Only the lines below from the one with "Rennie Mackintosh Rose" through the one with "Womens Ribbit and" are to be written out, exactly and without any images.

## DATA LISTING
+ + + +
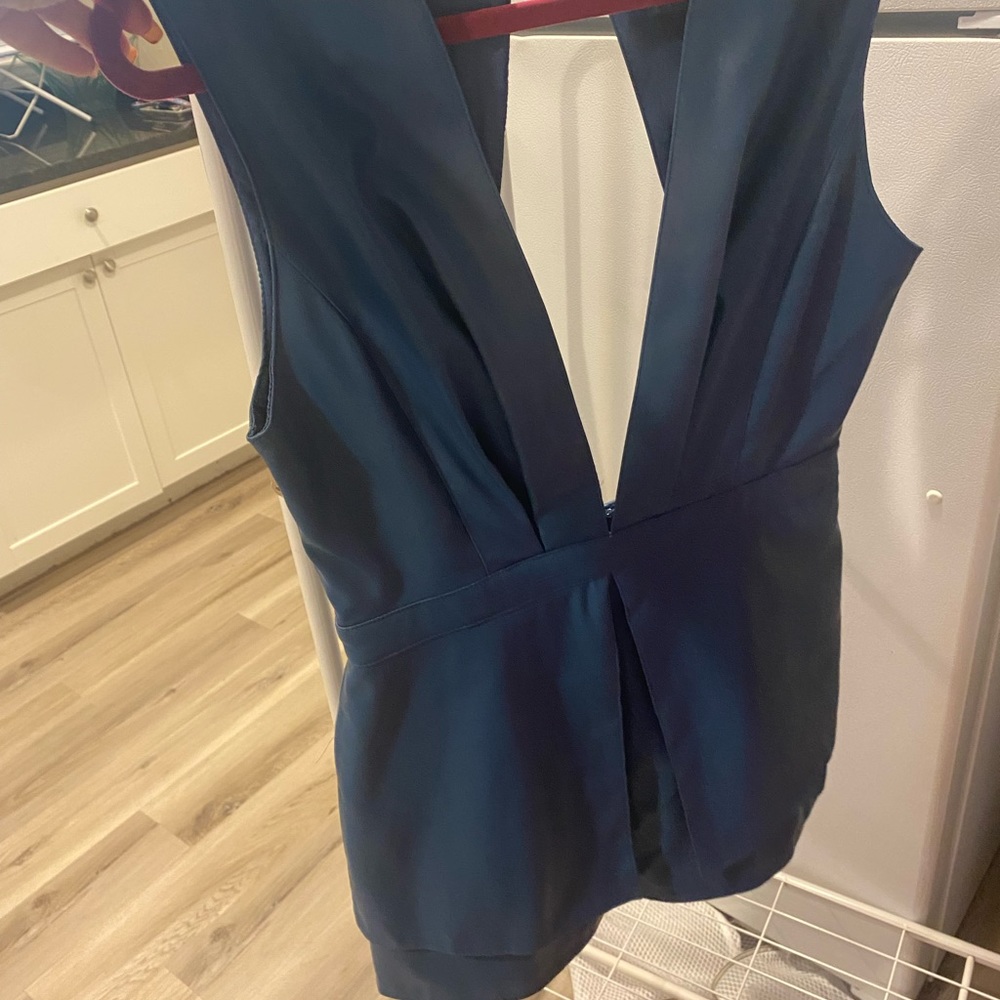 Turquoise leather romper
+ + + +
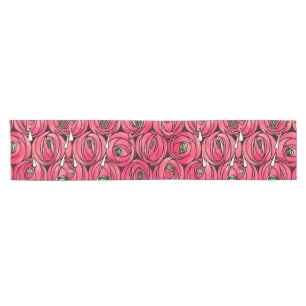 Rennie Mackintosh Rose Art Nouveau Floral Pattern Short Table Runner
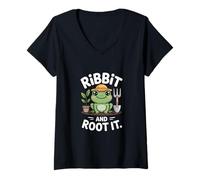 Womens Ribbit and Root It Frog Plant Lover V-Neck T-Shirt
+ + + +
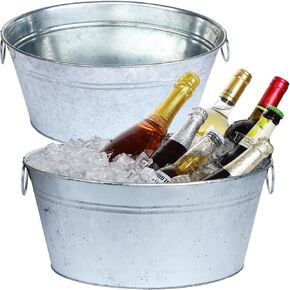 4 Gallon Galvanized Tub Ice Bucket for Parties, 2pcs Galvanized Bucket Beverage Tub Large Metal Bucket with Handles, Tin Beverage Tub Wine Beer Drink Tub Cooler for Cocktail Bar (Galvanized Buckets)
+ + + +
## COMPLETED EXERCISE
 Rennie Mackintosh Rose Art Nouveau Floral Pattern Short Table Runner
 Womens Ribbit and Root It Frog Plant Lover V-Neck T-Shirt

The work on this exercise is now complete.